What you need to do:
Only one stretch of the data below is needed. Output the lines from the one with "29159 Lotusgarden Drive" up to and including the one with "image for item", exactly as they stand.

(Scraped caption text data)
═══

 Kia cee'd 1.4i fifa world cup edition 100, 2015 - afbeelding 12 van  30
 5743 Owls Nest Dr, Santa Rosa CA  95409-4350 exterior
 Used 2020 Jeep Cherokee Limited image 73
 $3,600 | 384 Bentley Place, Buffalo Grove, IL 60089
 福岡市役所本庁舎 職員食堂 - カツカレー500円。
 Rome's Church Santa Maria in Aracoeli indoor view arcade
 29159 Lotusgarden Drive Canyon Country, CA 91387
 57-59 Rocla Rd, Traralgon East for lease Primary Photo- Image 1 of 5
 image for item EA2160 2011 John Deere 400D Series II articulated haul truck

═══

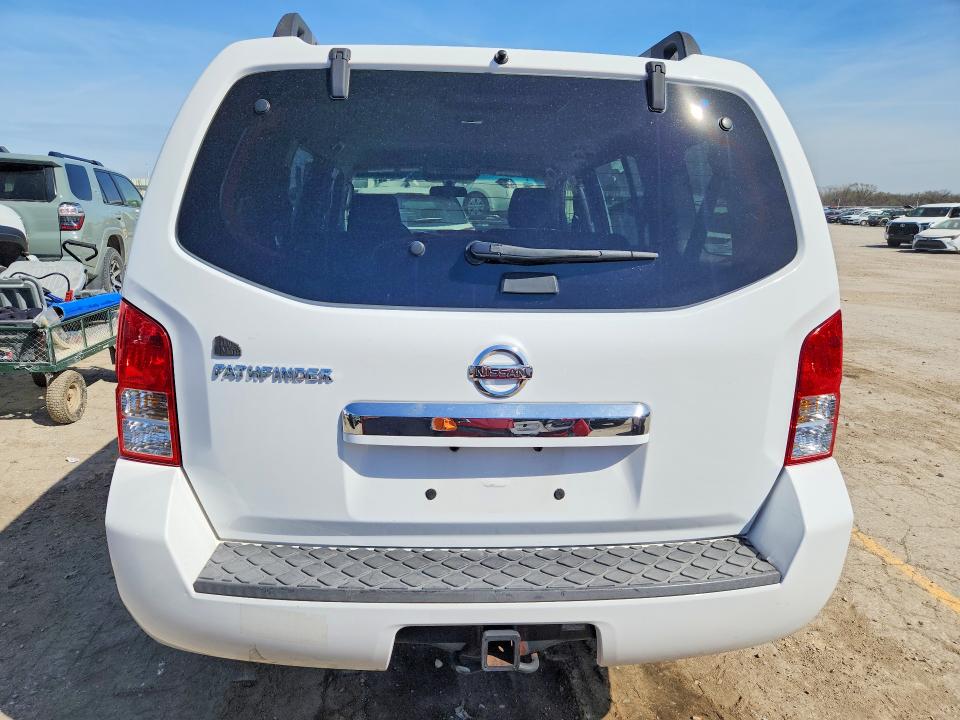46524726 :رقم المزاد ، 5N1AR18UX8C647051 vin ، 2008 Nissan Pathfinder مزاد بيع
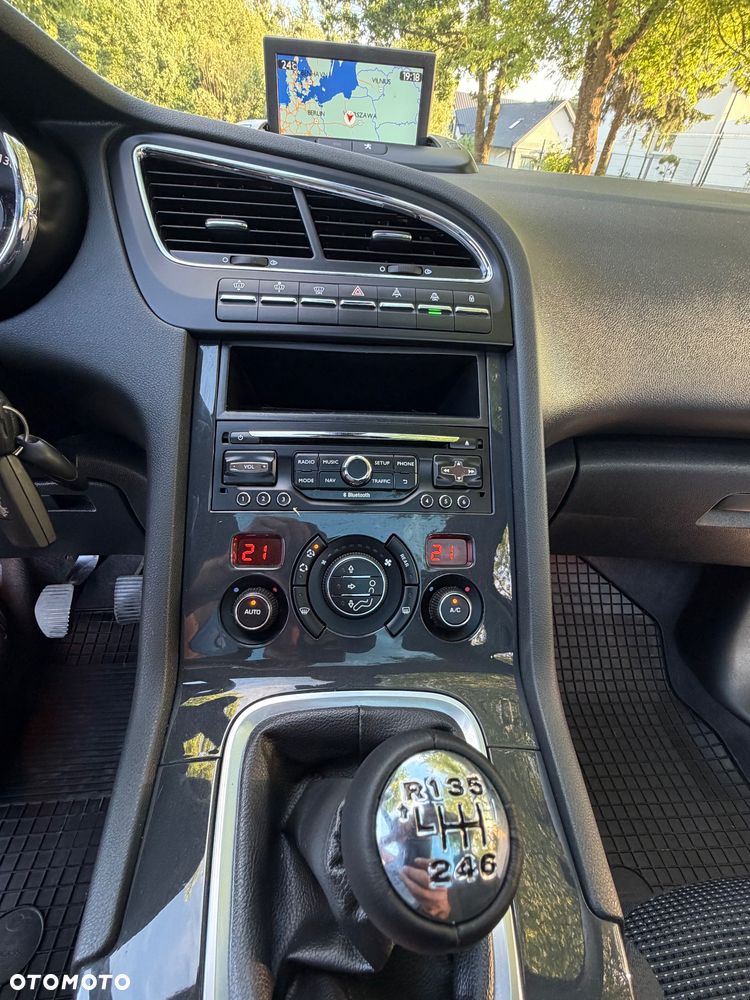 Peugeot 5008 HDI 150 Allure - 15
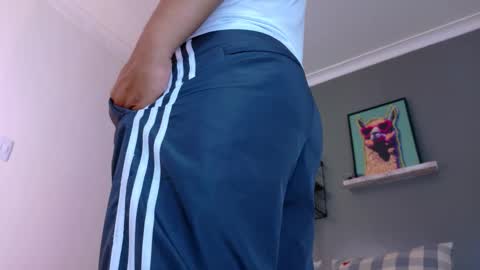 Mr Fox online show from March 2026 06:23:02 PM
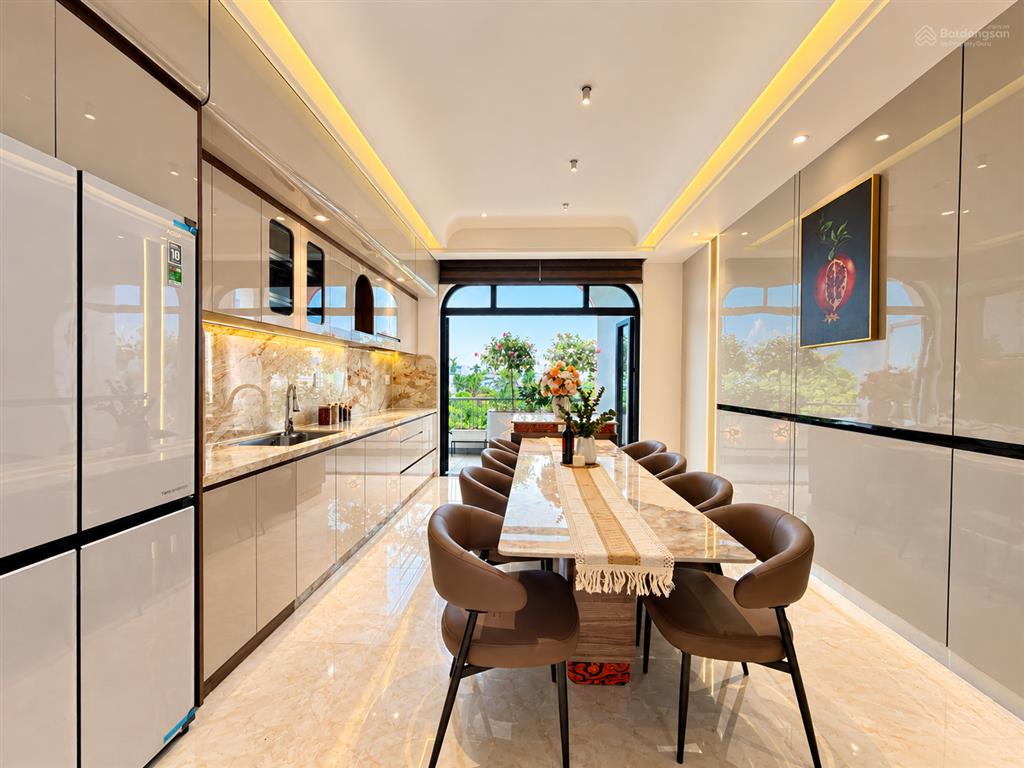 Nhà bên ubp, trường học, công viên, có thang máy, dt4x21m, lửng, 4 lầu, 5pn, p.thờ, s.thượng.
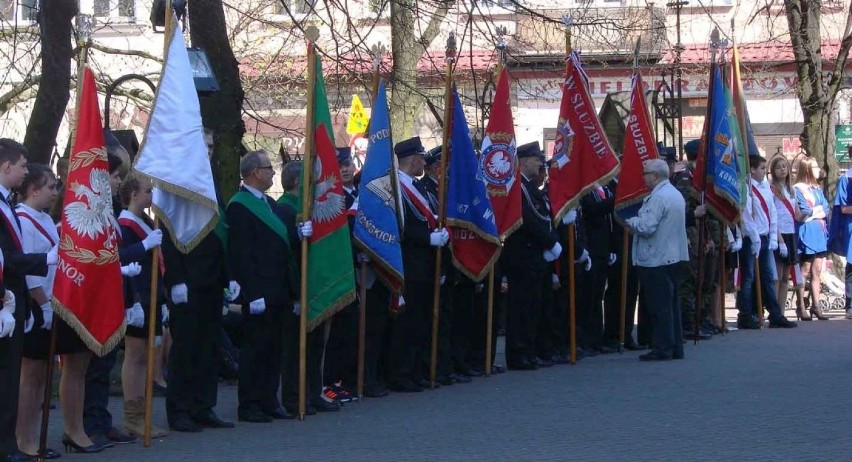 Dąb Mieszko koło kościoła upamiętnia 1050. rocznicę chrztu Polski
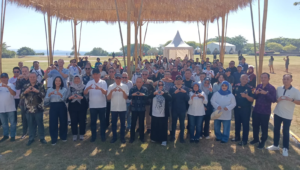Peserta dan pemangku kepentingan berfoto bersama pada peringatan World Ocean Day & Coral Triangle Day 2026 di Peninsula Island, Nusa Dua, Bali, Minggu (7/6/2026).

═══

Expected answer:
 29159 Lotusgarden Drive Canyon Country, CA 91387
 57-59 Rocla Rd, Traralgon East for lease Primary Photo- Image 1 of 5
 image for item EA2160 2011 John Deere 400D Series II articulated haul truck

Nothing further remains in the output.